Under the skin, o lo si ama o lo si detesta; io mi iscrivo al primo partito. Completamente catturato dal senso di ineluttabile tagedia che lo attraversa, ho continuato a desiderare per giorni in diversi momenti della giornata di tornare a immergermi nelle sue immagini oniriche, indimenticabili. Sto sognando? Sto sognando? si domanda il giovane deforme quando Scarlett Johansson rimane in biancheria intima, nell’indefinibile ambiente di luce nera. L’auore della sceneggiatura, Walter Campbell, viene dal mondo della pubblicità; il suo arrivo nel progetto ha concretizzato l’idea del regista, rimasta in maturazione per dieci anni. Del romanzo di Faber in effetti non è rimasto molto: c’è ancora il tema della violenza di genere, ma è completamente decaduta la condanna del consumo di carne a uso alimentare (con il non trascurabile particolare che nel romanzo la fonte di cibo per un’altra civiltà siamo noi esseri umani). In compenso si è aggiunta una riflessione sul modo in cui la moderna società dei consumi travisa il concetto di bellezza.
La colonna sonora della giovane compositrice londinese Mica Levi è cucita con cura dentro ogni scena, al punto che sembra di sentire il respiro del pensiero alieno quando la protagonista appare danzare su suoni che neppure sembrano di origine umana. Una parte non secondaria del film è girata in presa diretta, all’insaputa degli ignari passanti che vengono abbordati da Scarlett Johansson con una parrucca nera, alla guida di un furgone commerciale; il regista è nascosto con il direttore della fotografia nel retro del cabinato, per riprendere le reazioni di perfetti sconosciuti davanti a una ragazza di sorprendente bellezza che cerca di flirtare. Naturalmente, un’auto con la guardia del corpo dell’attrice segue a ruota, pronta a intervenire. Nessuno riconosce l’attrice famosa; questa immediatezza da reality rimane esclusivamente nella versione originale in inglese, il doppiaggio naturalmente annulla l’effetto.
Gli attori che fiancheggiano la superba performance di Johansson, che regge praticamente l’intero film sulle proprie spalle, provengono dall’entourage di Ken Loach; la fascinazione per il corpo (non solo quello dell’attrice e i nudi maschili, ma anche quello sfigurato dalla neurofibromatosi) richiama invece certi temi di David Cronenberg.[iii] Chi è abituato alle storie dove tutto è spiegato per filo e per segno dovrebbe astenersi rigidamente dalla visione.
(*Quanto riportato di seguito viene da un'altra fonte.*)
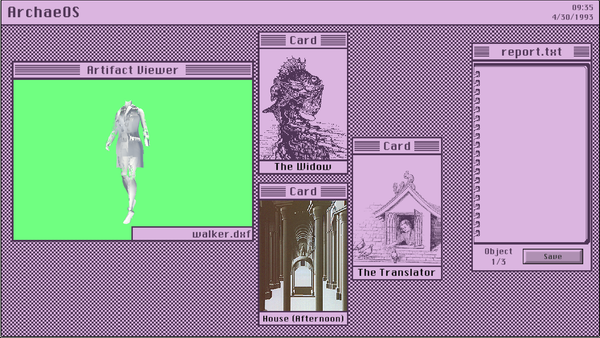 I interpreted rare digital artifacts in ArchaeOS, and all I got was this cool zine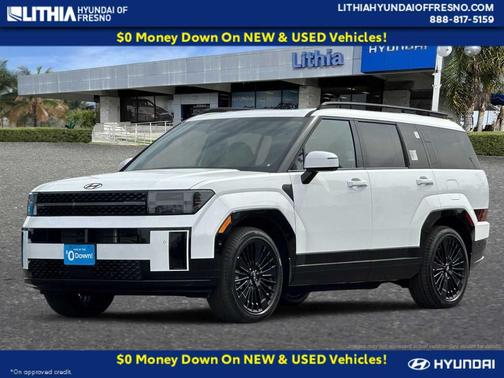 Serenity White 2026 Hyundai SANTA FE HEV Calligraphy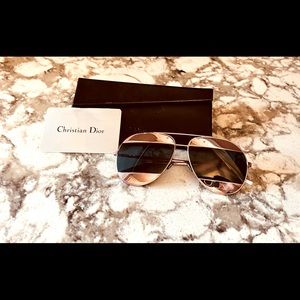 Authentic Dior Split Shade Aviator Sunglasses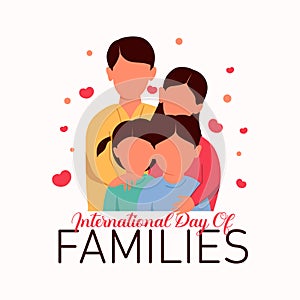 International Day of Families colorful vector template design background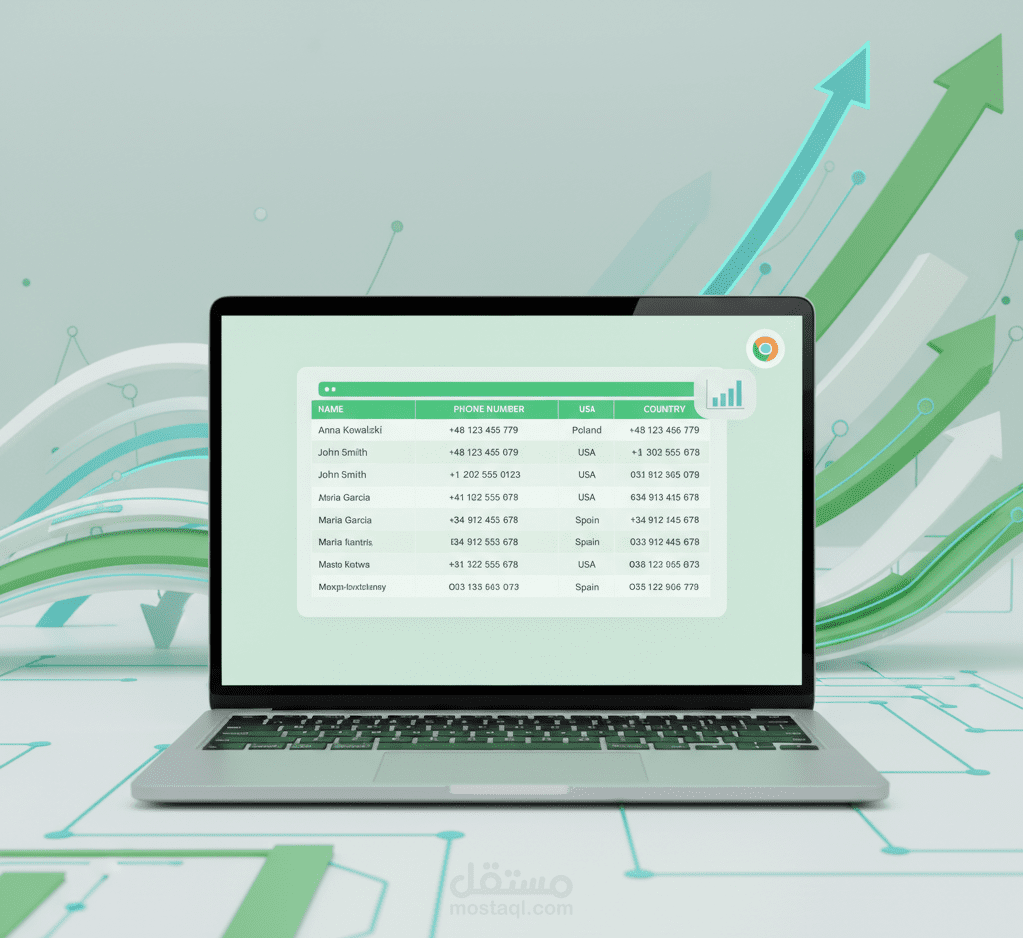 ادخال بيانات إضافة لتسهيل تنظيم بيانات عملائك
Anche la struttura della narrazione è disarticolata, lo spettatore deve ricostruire da sé i rapporti di causa effetto; in alternativa può lasciarsi andare alla stupefacente, selvaggia bellezza del paesaggio scozzese, sognarsi immerso nella vegetazione mossa dal vento come fa la protagonista quando si addormenta nel capanno della foresta, poco prima dell’agghiaciante climax finale, ascoltare il battito del proprio cuore influenzato dai suoni alieni di una soundtrack quasi esoterica, che invita a penetrare con la coscienza uno stato emotivo primitivo — fino a raggiungere un ristretto pubblico che considera Under the skin un oggetto di culto, un pubblico di fans che nutrono un debole per la fantascienza morale, capaci di scaldarsi per questa “gelida storia di una ragazza-che-cadde-sulla-terra”.[iv]
[i] Oliver Lyttelton, “5 Reasons Why Jonathan Glazer’s ‘Under The Skin’ Is One Of The Best Films Of The Year [ii] Sonia’s Sees, Under the skin, 8 giugno 2017 [iii] Oliver Lyttelton, ibid. [iv] Oliver Lyttelton, ibid.